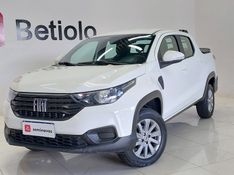 Fiat STRADA 1.3 FIREFLY FLEX FREEDOM CD MANUAL 2023/2023 BETIOLO NOVOS E SEMINOVOS LAJEADO / Carros no Vale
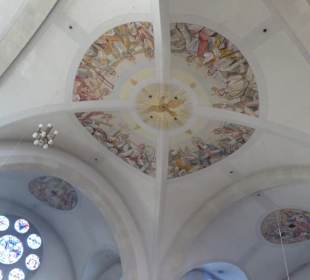 Stadtpfarrkirche Maria Schutz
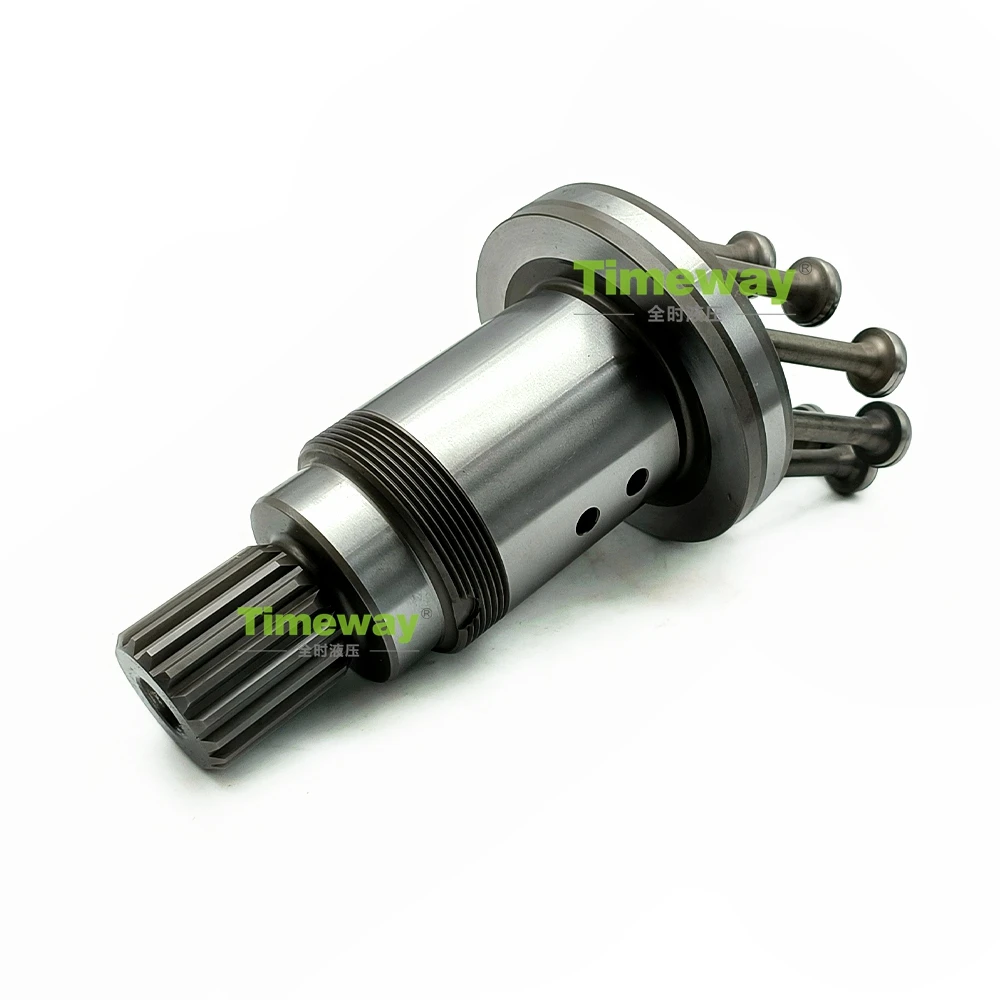 

H1B110 Приводной вал с поршнями T18 Гидравлические запасные части для ремонта гидравлического двигателя SAUER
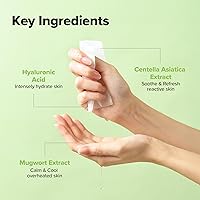 Beauty of Joseon Centella Asiatica Calming Mask - 10 Sheets — image 5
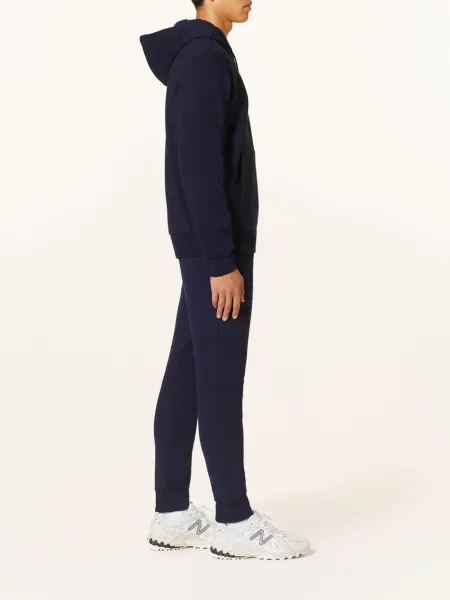 Lacoste Spodnie Dresowe blau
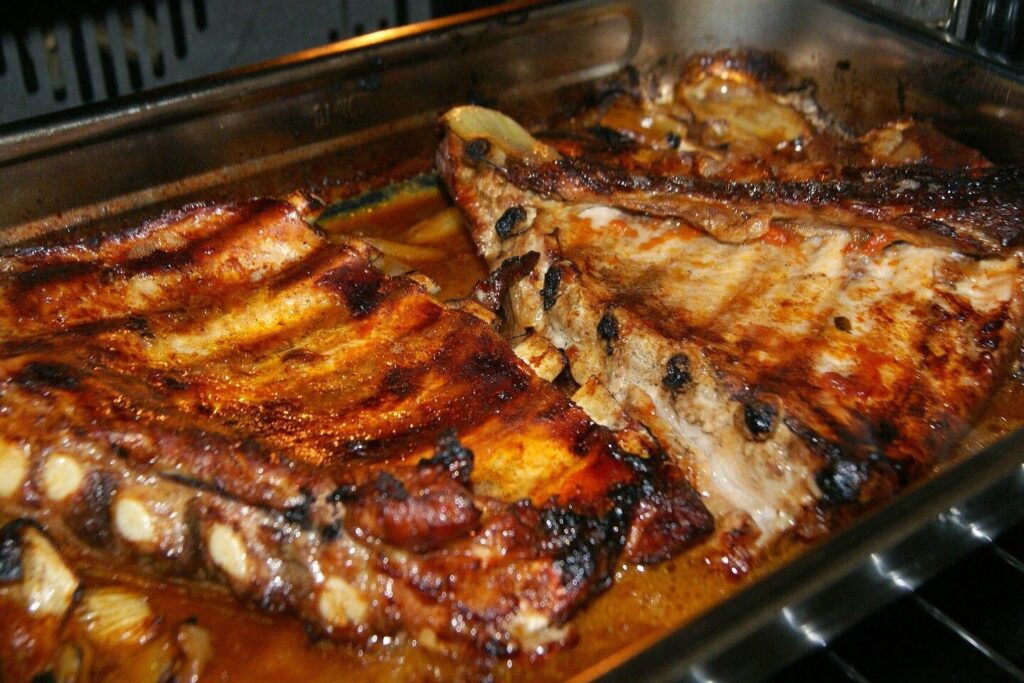 deliciosa carne alvina a la parrilla la receta perfecta para sorprender a tus invitados 1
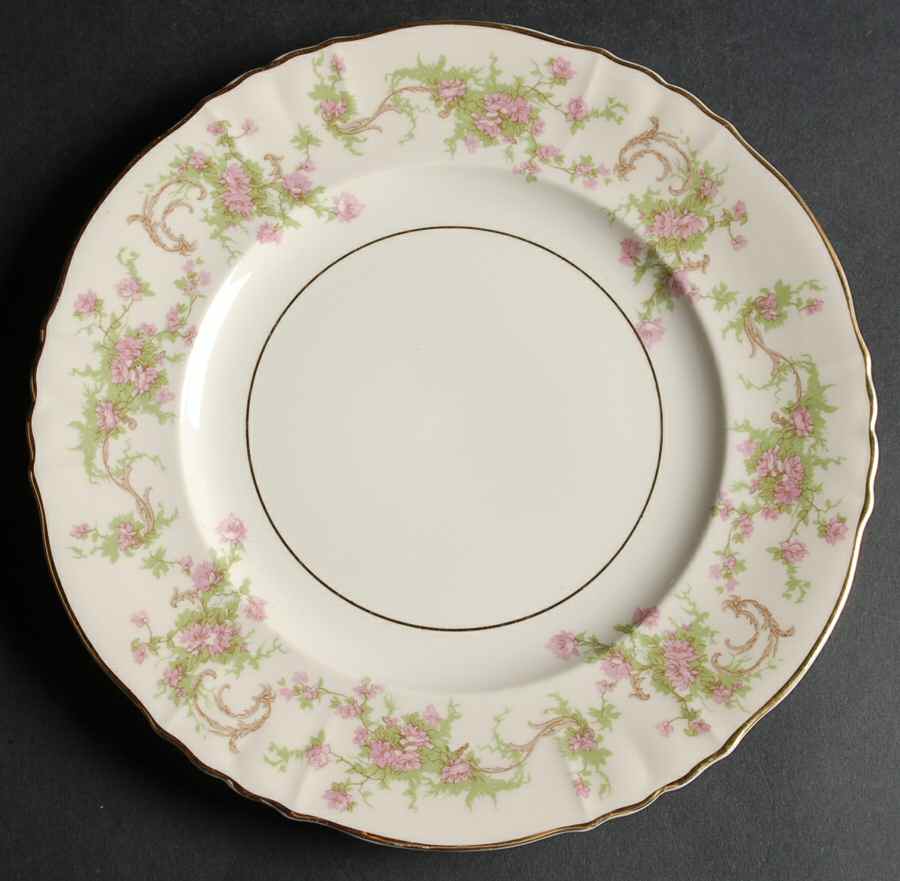 Dearborn Luncheon Plate by Syracuse-1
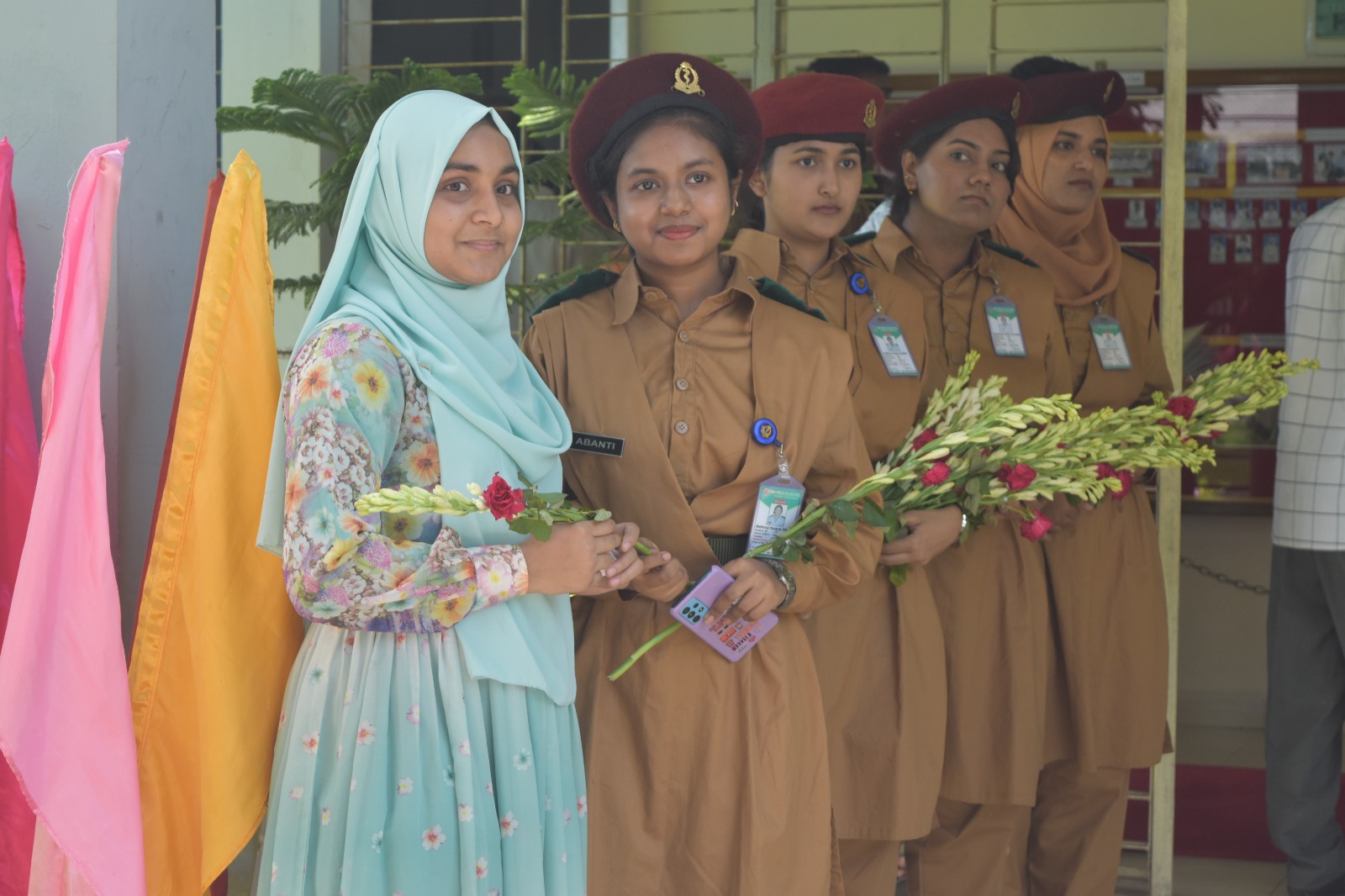 Student Life at Army Medical College Cumilla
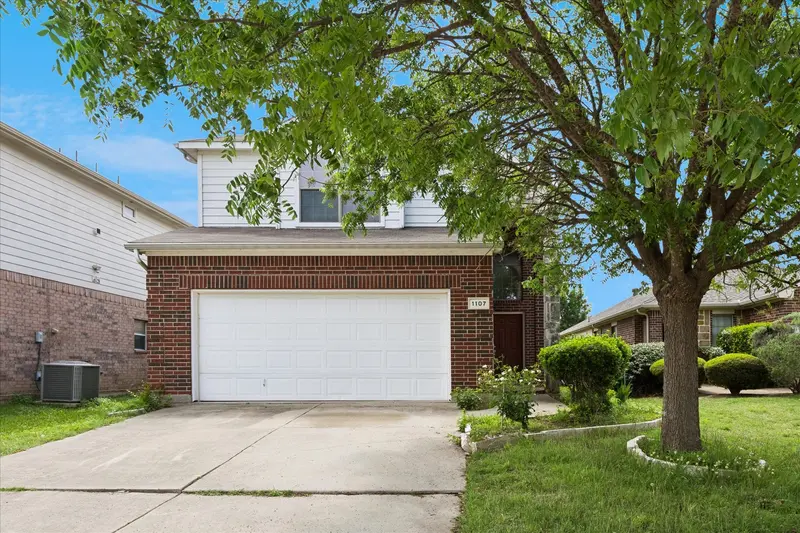 1107 Kielder Court, Fort Worth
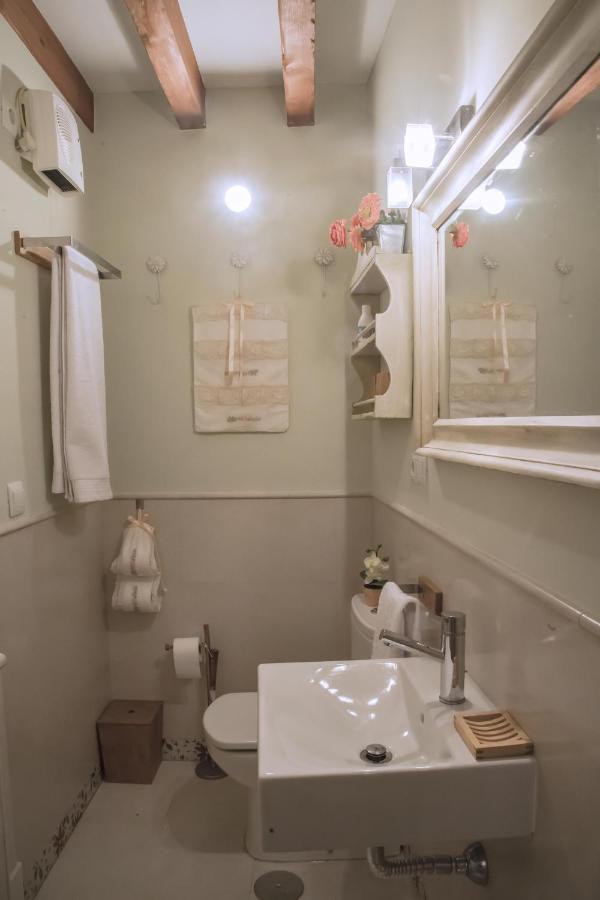 La Casa Del Transito Apartment Toledo Luaran gambar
- - - - -
→ EXERCISE OBJECTIVE
Exactly the lines from the one holding "Lacoste Spodnie Dresowe blau" through the last line of the entries, both included, are to be duplicated; leave the pictures out.

→ SOLUTION TO THE PROBLEM
 Lacoste Spodnie Dresowe blau
 deliciosa carne alvina a la parrilla la receta perfecta para sorprender a tus invitados 1
 Dearborn Luncheon Plate by Syracuse-1
 Student Life at Army Medical College Cumilla
 1107 Kielder Court, Fort Worth
 La Casa Del Transito Apartment Toledo Luaran gambar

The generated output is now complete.